Impact on Future Cases
Although no binding precedent emerged, the dissent functions as a roadmap for defense attorneys, prosecutors, and trial courts:
- Defense counsel should preserve objections where the sentencing court fails to make both findings—“similarly egregious” and “intent-to-increase-fear.”
- Prosecutors must marshal record evidence of deliberate psychological escalation, not merely brutal acts.
- Trial courts are on notice that reliance on the pre-2015 Hardy test alone is error.
- The Legislature may clarify or further amend MCL 777.37 if inconsistent outcomes persist.
- The Michigan Supreme Court is likely to grant leave in a future, well-preserved case that squarely presents the statutory-interpretation question.
Complex Concepts Simplified
- Offense Variable (OV)
- Michigan’s sentencing guidelines require courts to score various OVs, each assessing a specific aspect of criminal conduct; OV 7 addresses aggravated physical abuse and psychological terror.
- OV 7’s “All-or-Nothing” Nature
- Unlike other variables with multiple tiers, OV 7 is scored at either 0 or 50 points—no middle ground—magnifying its effect on a defendant’s minimum sentence range.

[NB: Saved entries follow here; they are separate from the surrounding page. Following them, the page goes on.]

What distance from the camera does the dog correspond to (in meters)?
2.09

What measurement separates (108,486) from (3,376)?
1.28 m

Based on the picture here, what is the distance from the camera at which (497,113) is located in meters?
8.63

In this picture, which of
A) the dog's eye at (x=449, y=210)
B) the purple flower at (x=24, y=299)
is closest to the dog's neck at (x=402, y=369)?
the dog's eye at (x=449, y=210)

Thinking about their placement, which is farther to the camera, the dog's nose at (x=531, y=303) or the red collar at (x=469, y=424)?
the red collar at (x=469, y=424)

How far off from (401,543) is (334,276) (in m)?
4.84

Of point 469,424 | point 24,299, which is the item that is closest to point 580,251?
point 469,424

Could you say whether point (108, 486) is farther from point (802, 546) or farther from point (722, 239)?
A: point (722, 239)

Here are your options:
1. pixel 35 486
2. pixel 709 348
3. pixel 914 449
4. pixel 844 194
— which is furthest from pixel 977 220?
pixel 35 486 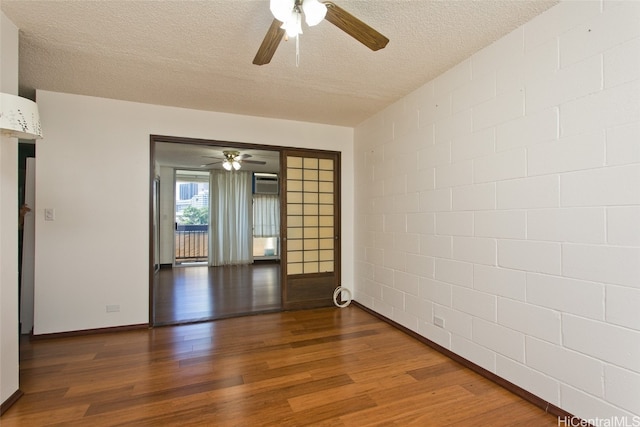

- “Sadism, Torture, or Excessive Brutality”
- These explicit categories automatically trigger 50 points regardless of intent to increase fear—e.g., prolonged beatings, live dismemberment, or extreme physical cruelty.
- Catch-All Provision (Post-2015)
- Conduct “similarly egregious” to the above categories and designed to substantially increase fear—e.g., threatening a victim with slow burning, staging mock executions, or using restraints in a psychologically tormenting manner.
- Abrogation
- When a legislature amends a statute to override part of a judicial decision; here, 2015 PA 137 partially overturned Hardy by requiring “similarly egregious” conduct.
- Guidelines “Advisory” After Lockridge
- Courts must consider—but are not strictly bound by—the sentencing grid; nonetheless, accurate scoring remains essential to informed discretion and appellate review.
Conclusion
The Supreme Court’s refusal to grant leave in People v. Brownfield technically leaves Michigan’s post-2015 OV 7 jurisprudence untouched, yet Justice Welch’s dissent shines a spotlight on widespread doctrinal drift. The dissent articulates a two-pronged, post-amendment test:
(1) Determine whether the defendant’s conduct is “similarly egregious” to sadism, torture, or excessive brutality; and
(2) Decide whether the conduct was intended (“designed”) to substantially increase the victim’s fear and anxiety.
Until the high court speaks decisively—or the Legislature intervenes—Michigan practitioners should treat these two findings as indispensable to any 50-point OV 7 score under the catch-all clause. The Brownfield dissent, though not binding, offers the most persuasive and structured framework yet for achieving the clarity and consistency that Michigan’s sentencing guidelines demand.